2.6. Mechanical testing

Prior to the compressive testing, the scaffolds (Φ10 × 10 mm) were soaked in PBS solution (pH = 7.4) at 37 °C for 24 h [13,38]. Compressive testing was performed on a dynamic mechanical analyzer (DMA, Q800) at a displacement rate of 0.05 mm s⁻¹. The compressive elastic modulus was calculated as the slope of the initial linear portion of the stress-strain curve.

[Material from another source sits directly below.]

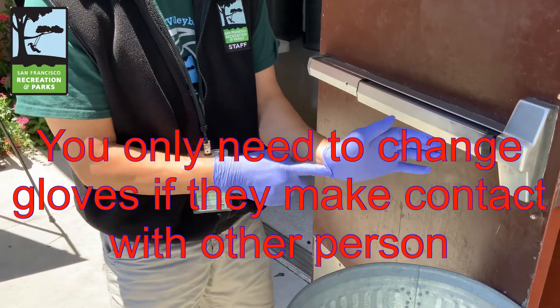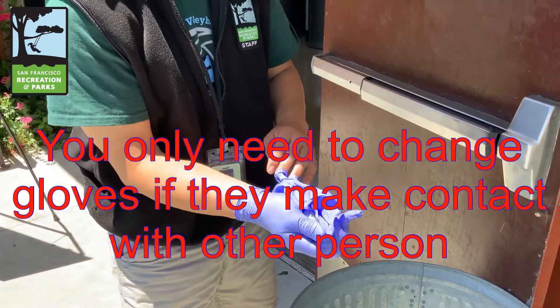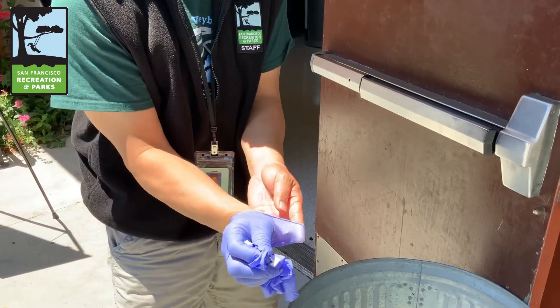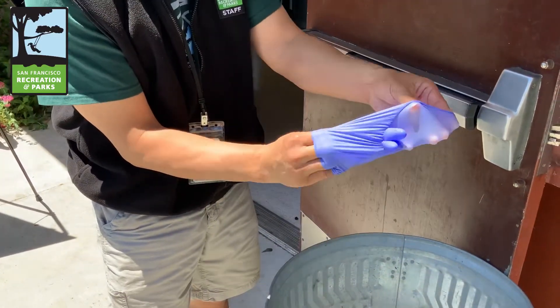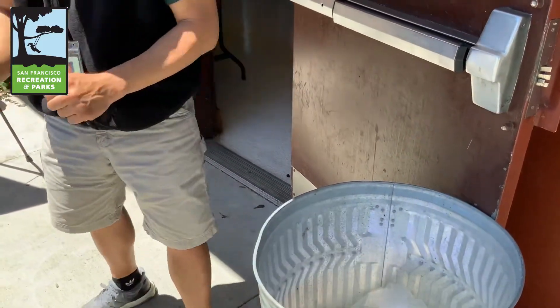After cleaning your temperature taker, dispose of your gloves by grabbing the cuff of one glove, encompassing the dirty glove and your other glove. Reach under the glove and dispose of your dirty gloves.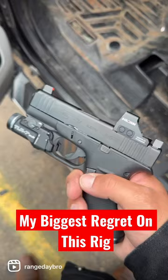On the 507k and on smaller rigs like this, you definitely don't want to use suppressor height sights. This is going to block a lot of your view of your target. Don't make the same mistake I did — you can upgrade your sights, but don't make them suppressor height sights and block your window like this.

2.7. In vitro cell experiments

2.7.1. Cell adhesion and growth

Mouse osteoblast-like MC3T3-E1 cells (Shanghai Institutes for Biological Sciences, Chinese Academy of Sciences) were used for in vitro cell study. The scaffolds were cut into disk-like samples with 10 mm in diameter and 2 mm in thickness, which was exposed to UV radiation for disinfection on both sides for 30 min. Theses samples were placed in 24-well plates and seeded with cell suspension at a density of 3 × 10⁵ cells mL⁻¹. The cell culture conducted at 37 °C in a humidified incubator with 5% CO₂ and 95% air. The culture medium was changed every 2 days. After 12 days of culturing, the samples were removed from the medium and gently washed with PBS. Then, the cells on the samples were immobilized with 3% glutaraldehyde for 2 h at 4 °C. They were subsequently dehydrated for 15 min with each ethanol series (30%, 50%, 70%, 80%, 90%, 95%, and 100%). Finally, they were freeze-dried, sputtered with gold and examined with a FESEM for observation of cell adhesion and morphologies.

2.7.2. Alkaline phosphatase activity

The alkaline phosphatase (ALP) activity of MC3T3-E1 cells was estimated by using the ALP assay kit (Biyuntian, China). Briefly, scaffolds were placed in 24-well plate and MC3T3-E1 cell suspension at a density of 3 × 10⁵ cells mL⁻¹ was seeded onto each scaffolds and then cultured with osteogenesis induction medium at 37 °C for 3, 7, and 14 days. At each time point, cells were lysed by Western and immunol precipitation (IP) without inhibitors (Biyuntian, China), protein concentration were assayed by BCA Protein Concentration Assay Kit (Boster, China). The concentration of protein of each sample was diluted to the same for the relative quantitative measurements of ALP according to manufacturer's instruction. The absorbance at 405 nm was measured with a microplate reader.

2.8. In vivo experiments

2.8.1. Rat mandibular defect model

Eighteen Wistar rats aged 8 weeks, were used to establish a rat mandibular defect model in this study. The Wistar rats were firstly randomly divided into 4 groups: control group with empty bone defect; CS group; 3%HAp/CS group; 3%HAp/CS group loaded with periostin (3%HAp/CS + Periostin). After exposure of mandible, a defect with the size of 5 mm × 4 mm × 1 mm was created. The scaffolds were cut into the same size and implanted into the mandibular bone defect area. The defect was left empty in the control group. Then the wounds were sutured carefully. At 2 weeks, 4 weeks, and 8 weeks after surgery, the rats were sacrificed and the mandibles with implantations were harvested and fixed in 4% paraformaldehyde solution for further analysis.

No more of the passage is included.